A May 17, 2007 Time Article described the Russian Orthodox Church as
“increasingly a symbol and projection of Russian nationalism…. Nationalism, based on the Orthodox faith, has been emerging as the Putin regime's major ideological resource. Thursday's rite sealed the four-year long effort by Putin, beginning in September 2003, to have the Moscow Patriarchate take over its rival American-based cousin and launch a new globalized Church as his state's main ideological arm and a vital foreign policy instrument.” Read more...
An August 23rd article by Gabriela Baczynska reported that the the group’s demonstration was in response to close ties between the Putin’s government and the church.
“[Russian Orthodox Church leader], Patriarch Kirill, likened Putin’s years at the helm to a “miracle of God” a few weeks before the band’s protest.” Read More...

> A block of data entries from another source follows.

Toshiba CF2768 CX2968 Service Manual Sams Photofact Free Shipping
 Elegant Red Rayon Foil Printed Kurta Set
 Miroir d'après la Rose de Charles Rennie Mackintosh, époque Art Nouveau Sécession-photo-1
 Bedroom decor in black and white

I do not claim to be an expert on the Russian Orthodox faith, but I do see in these descriptions and ancient problem that has plagued the Christians throughout the century. Since the conversion of the Roman Emperor, Constantine, Christians who are committed to the Kingdom of God face the question of to what extent they should embrace the worldly power given to it by worldly kingdoms. On the one hand a powerful church could be well placed to significantly impact its nation and the world. On the other hand, Paul tells us, “the weakness of God is stronger than human strength (1 Cornthians 1:25).”
A corollary of Paul’s teaching is that in order to embrace the strength of God’s weakness, we might have to forfeit human strength. When a church like the Russian Orthodox Church finds human power in a cozy relationship with a government like Putin’s it seems likely that the gospel of God’s Reign might be compromised.
Of course, as American Protestant Christians, this may seem like a rather foreign problem. But I’m not sure the same concepts are not at play in the life of American politics. Republicans seek a cozy relationship with the Religious Right while the Democrats are increasingly seeking a cozy relationship with the Religious Left. In both cases religious people of goodwill and a desire to effect positive social change that they believe will make the nation more “godly” by using the power of voice and vote to give power to the politicians of their choice. But I’ve always thought that the church is most powerful when keeping enough distance from the political powers using a unique voice to speak words of truth to our elected leaders rather than lending our voices and power to a worldly political entity.
Would a liberal protester find our churches appropriate places to demonstrate against the Republican Platform? Would a conservative activist find others of our churches appropriate places to demonstrate against the Democratic Platform? And would the average Christian in the pew readily know the difference between their beliefs as Christians and their beliefs in one or the other party’s platform? If there were ever a modern call that we be careful about linking our faith to elements in our government and even our national identity — it is the case of the Russian Orthodox Church and Vladimir Putin.